Para a maioria, essa nova leva de bandas tocava rock de inspiração bluesística. É claro, eles nunca haviam ouvido os originais; eles aprenderam a lição conforme foi ensinada pelos novos mestres, tais como os Rolling Stones, os Pretty Things, os Animals etc. Willie Dixon? Muddy Waters? Ah, sim, esses caras escreviam canções para os Stones. A imagem era tudo e, embora esses garotos não fossem muito espertos, pelo menos eles sabiam que Muddy Waters não usava as botas dos Beatles e não tocava as guitarras Phantom da Vox.

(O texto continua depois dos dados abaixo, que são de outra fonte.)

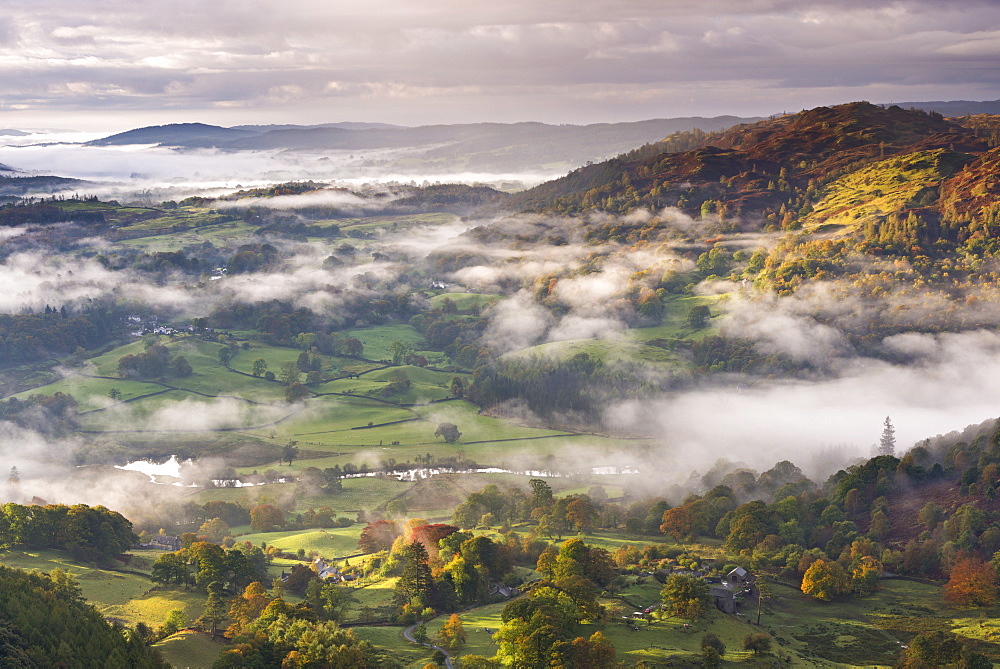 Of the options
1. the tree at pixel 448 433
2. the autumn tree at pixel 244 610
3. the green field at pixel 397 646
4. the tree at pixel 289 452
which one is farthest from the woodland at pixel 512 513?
the tree at pixel 289 452

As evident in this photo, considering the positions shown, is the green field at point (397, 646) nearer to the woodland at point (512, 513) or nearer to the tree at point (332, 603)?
the woodland at point (512, 513)

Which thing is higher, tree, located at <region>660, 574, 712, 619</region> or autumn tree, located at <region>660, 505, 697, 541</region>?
tree, located at <region>660, 574, 712, 619</region>

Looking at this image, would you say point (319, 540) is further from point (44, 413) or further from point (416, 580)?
point (44, 413)

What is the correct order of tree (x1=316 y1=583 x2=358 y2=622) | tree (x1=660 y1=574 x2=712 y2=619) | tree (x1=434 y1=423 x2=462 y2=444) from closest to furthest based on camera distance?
tree (x1=660 y1=574 x2=712 y2=619) < tree (x1=316 y1=583 x2=358 y2=622) < tree (x1=434 y1=423 x2=462 y2=444)

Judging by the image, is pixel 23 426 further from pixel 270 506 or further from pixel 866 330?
pixel 866 330

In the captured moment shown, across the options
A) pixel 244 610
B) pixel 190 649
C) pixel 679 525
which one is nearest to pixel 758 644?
pixel 679 525

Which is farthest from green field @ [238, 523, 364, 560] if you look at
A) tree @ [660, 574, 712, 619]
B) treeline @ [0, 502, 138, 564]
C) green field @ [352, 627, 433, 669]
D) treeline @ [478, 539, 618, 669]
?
tree @ [660, 574, 712, 619]

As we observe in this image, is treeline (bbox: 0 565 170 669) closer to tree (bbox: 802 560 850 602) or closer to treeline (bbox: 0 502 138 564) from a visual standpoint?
treeline (bbox: 0 502 138 564)

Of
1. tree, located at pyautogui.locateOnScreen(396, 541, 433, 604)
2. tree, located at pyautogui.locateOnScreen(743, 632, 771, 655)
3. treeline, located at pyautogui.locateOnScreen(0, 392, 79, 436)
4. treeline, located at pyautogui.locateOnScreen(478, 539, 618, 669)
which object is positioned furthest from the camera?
treeline, located at pyautogui.locateOnScreen(0, 392, 79, 436)

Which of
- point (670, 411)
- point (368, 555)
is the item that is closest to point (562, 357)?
point (670, 411)
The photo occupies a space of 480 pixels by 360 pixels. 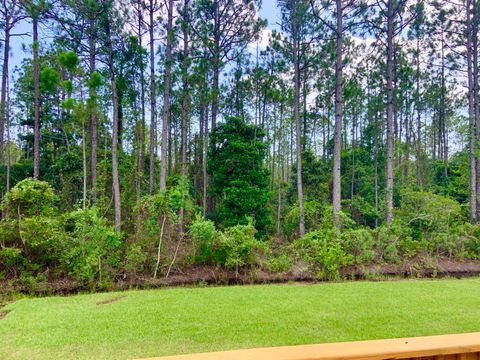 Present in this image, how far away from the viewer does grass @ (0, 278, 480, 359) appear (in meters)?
3.40

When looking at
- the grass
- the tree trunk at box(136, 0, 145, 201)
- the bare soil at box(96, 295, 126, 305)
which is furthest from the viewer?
the tree trunk at box(136, 0, 145, 201)

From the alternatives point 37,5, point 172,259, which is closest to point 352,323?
point 172,259

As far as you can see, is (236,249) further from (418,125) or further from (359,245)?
(418,125)

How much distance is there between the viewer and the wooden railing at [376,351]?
48.9 inches

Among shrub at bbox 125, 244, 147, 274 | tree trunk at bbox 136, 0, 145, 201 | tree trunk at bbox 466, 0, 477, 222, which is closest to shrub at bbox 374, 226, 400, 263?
tree trunk at bbox 466, 0, 477, 222

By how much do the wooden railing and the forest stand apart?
6226mm

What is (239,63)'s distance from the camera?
48.7ft

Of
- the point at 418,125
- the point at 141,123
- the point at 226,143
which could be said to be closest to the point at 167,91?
the point at 226,143

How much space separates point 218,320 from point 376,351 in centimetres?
325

Aprendendo blues através de músicos brancos ingleses e costumeiramente cantando com um sotaque inglês meio forçado, a coisa toda acabou se tornando um gênero dentro de si mesmo. Conforme o punk sessentista evoluía, as influências de R&B e do Merseybeat perdiam força e as bandas convergiam para diferentes tangentes tais como o folk-rock (The Leaves), punk de rua (The Standells), psicodelia (The Chocolate Watch Band) e pop (The Cryan’ Shames). O melhor de tudo era que, apesar dessas diferentes ramificações, as bandas continuavam com a sua crueza e ferocidade punk, simplesmente porque eles se mantiveram rebeldes do começo até o fim. É lamentável que muitos punks dos dias atuais se lembrem da música dos Anos 1960 como sendo apenas reflexo da Geração Hippie de Woodstock, porque as bandas punks sessentistas eram basicamente formadas por adolescentes cheios de frustrações e revoltados por causa das regras sob as quais eles eram obrigados a viver.

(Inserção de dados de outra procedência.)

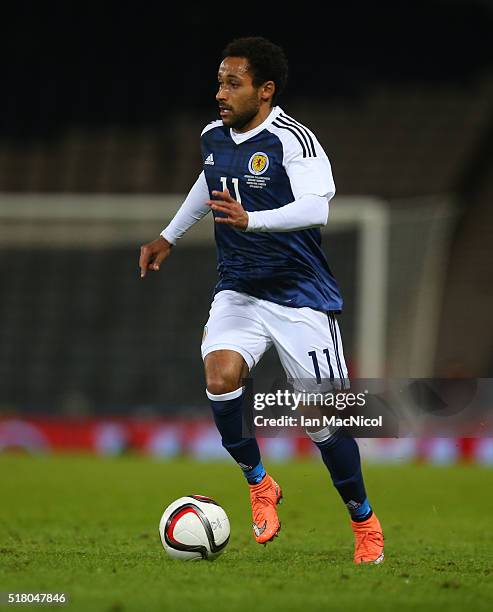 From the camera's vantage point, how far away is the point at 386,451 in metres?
17.3

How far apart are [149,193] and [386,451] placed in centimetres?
766

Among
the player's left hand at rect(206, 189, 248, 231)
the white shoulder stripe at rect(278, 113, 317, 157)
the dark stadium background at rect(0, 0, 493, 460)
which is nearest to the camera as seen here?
the player's left hand at rect(206, 189, 248, 231)

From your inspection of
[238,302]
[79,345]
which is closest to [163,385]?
[79,345]

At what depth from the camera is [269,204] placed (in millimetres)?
6121

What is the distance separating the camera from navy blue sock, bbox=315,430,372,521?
6105 mm

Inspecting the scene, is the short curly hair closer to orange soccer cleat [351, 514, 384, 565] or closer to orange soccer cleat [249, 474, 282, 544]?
orange soccer cleat [249, 474, 282, 544]

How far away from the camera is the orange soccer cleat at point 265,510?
6.18m

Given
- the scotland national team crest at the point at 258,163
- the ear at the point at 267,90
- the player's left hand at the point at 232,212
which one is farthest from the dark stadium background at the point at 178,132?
the player's left hand at the point at 232,212

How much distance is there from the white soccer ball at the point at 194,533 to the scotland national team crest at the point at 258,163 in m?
1.70

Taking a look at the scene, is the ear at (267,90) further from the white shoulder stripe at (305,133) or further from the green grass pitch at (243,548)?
the green grass pitch at (243,548)

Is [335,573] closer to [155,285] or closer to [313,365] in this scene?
[313,365]

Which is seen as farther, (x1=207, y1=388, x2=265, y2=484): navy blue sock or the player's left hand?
(x1=207, y1=388, x2=265, y2=484): navy blue sock

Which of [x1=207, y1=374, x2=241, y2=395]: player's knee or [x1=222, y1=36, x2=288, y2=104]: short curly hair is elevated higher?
[x1=222, y1=36, x2=288, y2=104]: short curly hair

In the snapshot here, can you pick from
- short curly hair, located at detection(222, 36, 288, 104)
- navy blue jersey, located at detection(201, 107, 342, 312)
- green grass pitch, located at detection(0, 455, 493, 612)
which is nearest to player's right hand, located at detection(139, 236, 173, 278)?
navy blue jersey, located at detection(201, 107, 342, 312) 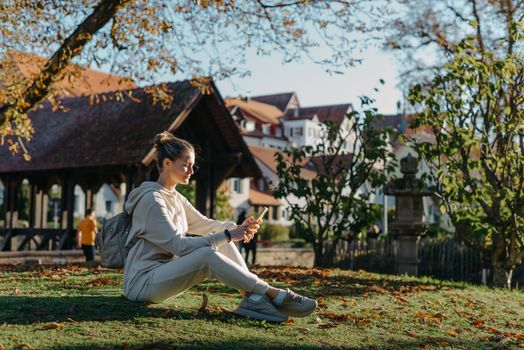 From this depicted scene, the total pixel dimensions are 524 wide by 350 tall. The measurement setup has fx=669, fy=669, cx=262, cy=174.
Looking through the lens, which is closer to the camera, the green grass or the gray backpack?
the green grass

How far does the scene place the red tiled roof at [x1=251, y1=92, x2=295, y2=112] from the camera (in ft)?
307

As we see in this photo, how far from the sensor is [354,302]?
800 centimetres

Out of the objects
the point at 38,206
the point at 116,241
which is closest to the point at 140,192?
the point at 116,241

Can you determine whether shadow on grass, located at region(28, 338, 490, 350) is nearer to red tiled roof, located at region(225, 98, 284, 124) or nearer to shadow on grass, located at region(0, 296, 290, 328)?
shadow on grass, located at region(0, 296, 290, 328)

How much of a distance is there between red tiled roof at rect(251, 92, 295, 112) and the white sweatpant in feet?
288

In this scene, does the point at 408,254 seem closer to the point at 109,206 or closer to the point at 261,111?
the point at 109,206

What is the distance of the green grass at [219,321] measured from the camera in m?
4.88

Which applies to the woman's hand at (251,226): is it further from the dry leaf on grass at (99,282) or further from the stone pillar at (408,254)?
the stone pillar at (408,254)

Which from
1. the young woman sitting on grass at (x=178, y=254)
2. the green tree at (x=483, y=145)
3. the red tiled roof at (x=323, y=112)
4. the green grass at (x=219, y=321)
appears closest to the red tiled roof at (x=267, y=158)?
the red tiled roof at (x=323, y=112)

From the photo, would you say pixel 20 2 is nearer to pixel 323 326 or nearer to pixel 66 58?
pixel 66 58

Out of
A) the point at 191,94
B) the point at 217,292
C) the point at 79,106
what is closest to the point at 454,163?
the point at 217,292

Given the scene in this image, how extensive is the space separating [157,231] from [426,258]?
1586cm

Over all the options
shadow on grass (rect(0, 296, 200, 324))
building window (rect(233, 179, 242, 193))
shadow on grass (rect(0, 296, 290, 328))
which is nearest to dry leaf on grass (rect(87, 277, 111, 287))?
shadow on grass (rect(0, 296, 200, 324))

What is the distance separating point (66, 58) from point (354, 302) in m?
7.87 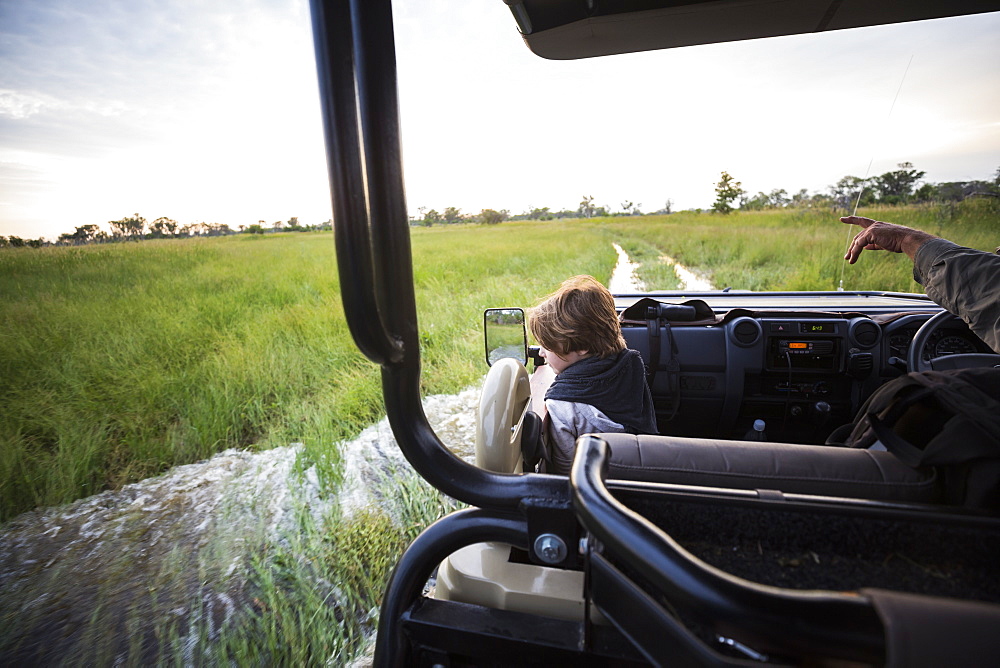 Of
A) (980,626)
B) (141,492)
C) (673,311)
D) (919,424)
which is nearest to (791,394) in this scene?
(673,311)

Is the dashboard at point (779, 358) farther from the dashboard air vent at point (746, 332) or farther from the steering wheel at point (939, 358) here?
the steering wheel at point (939, 358)

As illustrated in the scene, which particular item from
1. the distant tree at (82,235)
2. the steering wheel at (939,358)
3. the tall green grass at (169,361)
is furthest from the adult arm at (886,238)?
the distant tree at (82,235)

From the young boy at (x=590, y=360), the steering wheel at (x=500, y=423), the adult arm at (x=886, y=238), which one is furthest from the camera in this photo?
the young boy at (x=590, y=360)

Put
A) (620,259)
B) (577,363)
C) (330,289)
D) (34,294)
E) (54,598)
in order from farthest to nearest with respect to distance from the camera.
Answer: (620,259) → (330,289) → (34,294) → (54,598) → (577,363)

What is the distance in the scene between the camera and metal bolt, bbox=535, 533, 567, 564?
2.64 feet

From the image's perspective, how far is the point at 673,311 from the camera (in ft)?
8.62

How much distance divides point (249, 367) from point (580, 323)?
2.53m

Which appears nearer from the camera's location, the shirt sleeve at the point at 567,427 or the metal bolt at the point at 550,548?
the metal bolt at the point at 550,548

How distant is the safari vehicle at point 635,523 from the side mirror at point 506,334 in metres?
0.69

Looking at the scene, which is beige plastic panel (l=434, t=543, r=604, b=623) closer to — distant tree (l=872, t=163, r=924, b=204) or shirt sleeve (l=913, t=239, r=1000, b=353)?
shirt sleeve (l=913, t=239, r=1000, b=353)

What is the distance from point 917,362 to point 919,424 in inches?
73.8

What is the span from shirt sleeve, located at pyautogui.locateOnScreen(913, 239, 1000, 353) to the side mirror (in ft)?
4.17

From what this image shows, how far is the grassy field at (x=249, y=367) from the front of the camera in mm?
2090

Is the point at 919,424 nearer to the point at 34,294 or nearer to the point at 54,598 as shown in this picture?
the point at 54,598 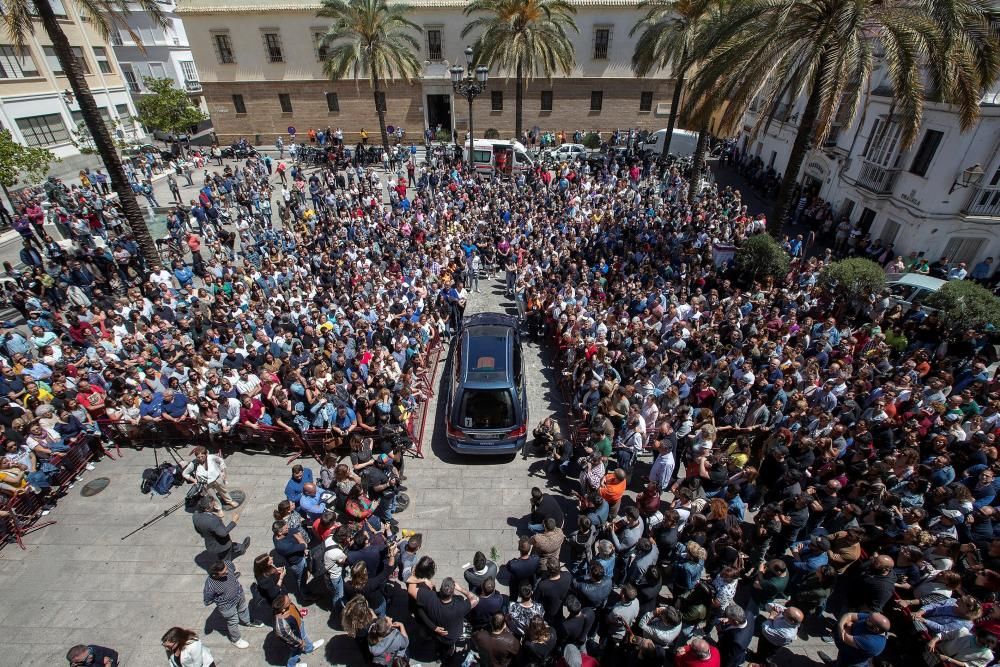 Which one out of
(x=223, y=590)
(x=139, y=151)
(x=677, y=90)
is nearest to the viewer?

Havia muitos motivos para revolta. Os Estados Unidos eram muito conservadores e não encararam com bons olhos toda aquela rebelião jovem com adolescentes cabeludos usando roupas multicoloridas. Conforme a cena punk emergia dos subúrbios, ainda havia multidões de “greasers” remanescentes da década de 1950 prontos para se insurgir contra adolescentes com cortes de cabelo a la Beatles, todos doidos para cortar os cabelos da molecada. E, além disso, cada escola tinha as suas regras para as vestimentas dos alunos, o que significava que os rapazes tinham que andar sempre de cabelos cortados (os rapazes tinham que alisar seus cabelos para trás e depois penteá-los para a frente depois que saíam da escola), nada de jeans, nada de camisetas, nada de botas dos Beatles e para as garotas, nada de minissaias. O futuro se mostrava desolador, pois havia duas opções terríveis, ir para a escola ou ir para o Vietnã.

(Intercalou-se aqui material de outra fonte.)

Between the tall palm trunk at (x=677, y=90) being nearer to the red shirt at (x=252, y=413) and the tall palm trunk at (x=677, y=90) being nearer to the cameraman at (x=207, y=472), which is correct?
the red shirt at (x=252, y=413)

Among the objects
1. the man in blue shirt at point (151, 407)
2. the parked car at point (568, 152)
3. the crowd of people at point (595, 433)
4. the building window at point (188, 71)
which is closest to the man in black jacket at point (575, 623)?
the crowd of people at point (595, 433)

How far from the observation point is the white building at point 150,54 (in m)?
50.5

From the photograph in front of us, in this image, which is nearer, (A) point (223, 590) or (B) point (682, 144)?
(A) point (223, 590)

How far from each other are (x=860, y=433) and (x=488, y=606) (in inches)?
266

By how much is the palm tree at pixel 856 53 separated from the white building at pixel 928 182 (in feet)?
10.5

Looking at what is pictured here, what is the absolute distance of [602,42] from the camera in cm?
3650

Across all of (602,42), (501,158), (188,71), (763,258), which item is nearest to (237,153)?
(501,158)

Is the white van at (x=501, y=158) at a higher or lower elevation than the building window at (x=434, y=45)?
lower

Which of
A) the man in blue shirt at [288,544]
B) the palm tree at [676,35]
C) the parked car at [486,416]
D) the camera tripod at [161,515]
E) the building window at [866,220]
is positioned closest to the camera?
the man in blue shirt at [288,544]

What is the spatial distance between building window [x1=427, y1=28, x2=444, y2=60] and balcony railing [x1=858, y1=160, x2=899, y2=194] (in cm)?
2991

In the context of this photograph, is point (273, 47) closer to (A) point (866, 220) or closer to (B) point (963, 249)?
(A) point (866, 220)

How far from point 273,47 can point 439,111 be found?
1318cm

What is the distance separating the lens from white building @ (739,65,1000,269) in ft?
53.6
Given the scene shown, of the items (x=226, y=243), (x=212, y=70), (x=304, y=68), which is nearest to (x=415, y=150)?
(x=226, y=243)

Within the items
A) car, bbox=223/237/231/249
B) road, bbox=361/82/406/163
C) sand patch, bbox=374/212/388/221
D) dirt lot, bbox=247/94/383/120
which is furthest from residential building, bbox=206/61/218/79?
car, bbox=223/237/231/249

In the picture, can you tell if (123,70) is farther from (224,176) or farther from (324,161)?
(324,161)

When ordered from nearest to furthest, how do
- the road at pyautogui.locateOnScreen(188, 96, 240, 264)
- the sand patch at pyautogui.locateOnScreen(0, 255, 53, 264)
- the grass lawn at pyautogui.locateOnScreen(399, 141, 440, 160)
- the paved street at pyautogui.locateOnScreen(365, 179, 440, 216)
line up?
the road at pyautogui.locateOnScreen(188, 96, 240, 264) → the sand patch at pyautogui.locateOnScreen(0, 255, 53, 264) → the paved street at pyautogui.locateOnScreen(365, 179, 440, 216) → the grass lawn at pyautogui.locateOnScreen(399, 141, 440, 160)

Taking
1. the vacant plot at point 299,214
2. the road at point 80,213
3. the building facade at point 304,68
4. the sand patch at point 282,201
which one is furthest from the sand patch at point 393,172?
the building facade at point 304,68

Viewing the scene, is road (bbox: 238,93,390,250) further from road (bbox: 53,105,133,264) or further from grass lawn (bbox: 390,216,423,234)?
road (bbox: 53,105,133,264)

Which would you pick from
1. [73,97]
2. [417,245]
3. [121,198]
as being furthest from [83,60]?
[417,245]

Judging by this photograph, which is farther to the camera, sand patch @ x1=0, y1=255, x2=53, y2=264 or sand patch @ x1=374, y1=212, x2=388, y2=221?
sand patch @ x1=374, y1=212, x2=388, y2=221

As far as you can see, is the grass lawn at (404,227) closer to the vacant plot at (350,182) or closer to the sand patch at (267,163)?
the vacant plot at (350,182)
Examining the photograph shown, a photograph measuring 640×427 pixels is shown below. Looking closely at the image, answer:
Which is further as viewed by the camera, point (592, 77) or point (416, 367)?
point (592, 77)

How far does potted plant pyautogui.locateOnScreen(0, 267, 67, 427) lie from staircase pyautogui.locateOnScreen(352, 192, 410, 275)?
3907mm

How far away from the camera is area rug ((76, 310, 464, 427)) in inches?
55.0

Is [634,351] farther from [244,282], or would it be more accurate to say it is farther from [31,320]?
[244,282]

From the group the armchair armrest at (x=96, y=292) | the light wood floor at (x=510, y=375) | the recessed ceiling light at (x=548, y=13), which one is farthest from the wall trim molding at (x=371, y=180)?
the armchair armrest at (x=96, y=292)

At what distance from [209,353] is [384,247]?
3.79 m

A música era uma boa maneira de disfarçar a frustração. Aquilo que havia começado como uma pura imitação de britânicos, rapidamente se tornou uma coisa única. Os punks das garagens produziam uma sonoridade cheia de tensão que poucos grupos britânicos produziam. Outros países, como o Canadá, a Austrália e até mesmo o Brasil (com bandas antológicas como Os Baobás e os Beatniks) também produziram cenas punks muito vibrantes, mas não havia comparação para aquilo que estava acontecendo nos Estados Unidos.

É claro que todos aqueles que estiveram envolvidos em toda essa excitante rebelião adolescente não tinham a menor idéia de que eles estavam criando o que acabaria sendo o mais vital e criativo tempo da história da música pop norteamericana. Mas, através dos únicos compactos simples de vinil, álbuns esparsos, publicidades em revistas destinadas a adolescentes e lembranças daqueles que viveram esse período, nós podemos juntar tudo isso e escrever essa história. Ao contrário de hoje, quando há um crítico em cada esquina, a metade dos Anos 1960 carecia de escritores que quisessem documentar o que estava acontecendo.

Em 1972, o músico e historiador Lenny Kaye (mais tarde integrante do grupo de Patti Smith) reuniu algumas gemas quase esquecidas de bandas punks norteamericanas da década anterior em um par de LPs. Essa coletânea seminal foi intitulada “Nuggets”, e a sua importância não pode ser mensurada. Nos comentários, ele batizou aquele gênero de “punk rock”. Aqui, pela primeira vez desde que a crítica de rock começou a extinguir a inocência do rock’n’roll, artistas como The Seeds, Shadows of Knight, Leaves, Mouse & The Traps e muitos outros começaram a receber o respeito que eles mereciam.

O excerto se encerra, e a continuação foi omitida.